European Commission spokesperson Francoise Le Bail told Xinhua News Agency that "the aim of the upcoming talks is to find a satisfactory solution acceptable to both sides," referring to this afternoon's meeting in Brussels between Vice Commerce Minister Gao Hucheng and EU Trade Commissioner Peter Mandelson.

State Councilor Tang Jiaxuan told US Kentucky Governor Ernie Fletcher, visiting Beijing, that China hopes to solve trade disputes through dialogue and consultation, and to avoid mixing trade issues with politics.

Last Friday, China announced that it would raise export tariffs on 74 textile product categories as from June, with some increases as high as 400 percent. Le Bail welcomed the move, saying the EU would wait to see whether it had the desired effect.

In line with WTO agreements, quotas on textiles were lifted on January 1 this year, but the US has re-imposed them and the EU has threatened to, saying that huge increases in Chinese textile imports had disrupted their domestic markets.

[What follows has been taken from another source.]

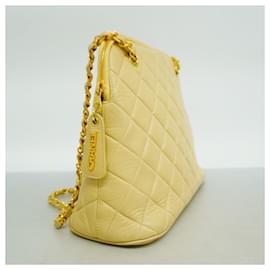 Chanel-Chanel Beige Lambskin Shoulder Bag-Beige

A delegation of 72 US and EU textile buyers and 14 representatives of US textile associations arrived in the eastern city of Hangzhou on Sunday to meet Chinese textile manufacturers.

Yu Xiaosong, former president of the China Council for the Promotion of International Trade, said at the event that "textile associations from China and the US should establish a relationship to move away from trade barriers and deal directly with conflicts of interest."

Fawn Evenson, vice president of the American Apparel and Footwear Association said US quotas were a last-ditch strategy to save jobs, but could end up hurting US companies more than anybody else since the products blocked were bought and resold by American manufacturers.

Jeff Coey, director of the US Cotton Council International for China and Southeast Asia, told Xinhua on Monday that it was unworkable for the US to sell cotton to China but block products made from it from being exported back to the US.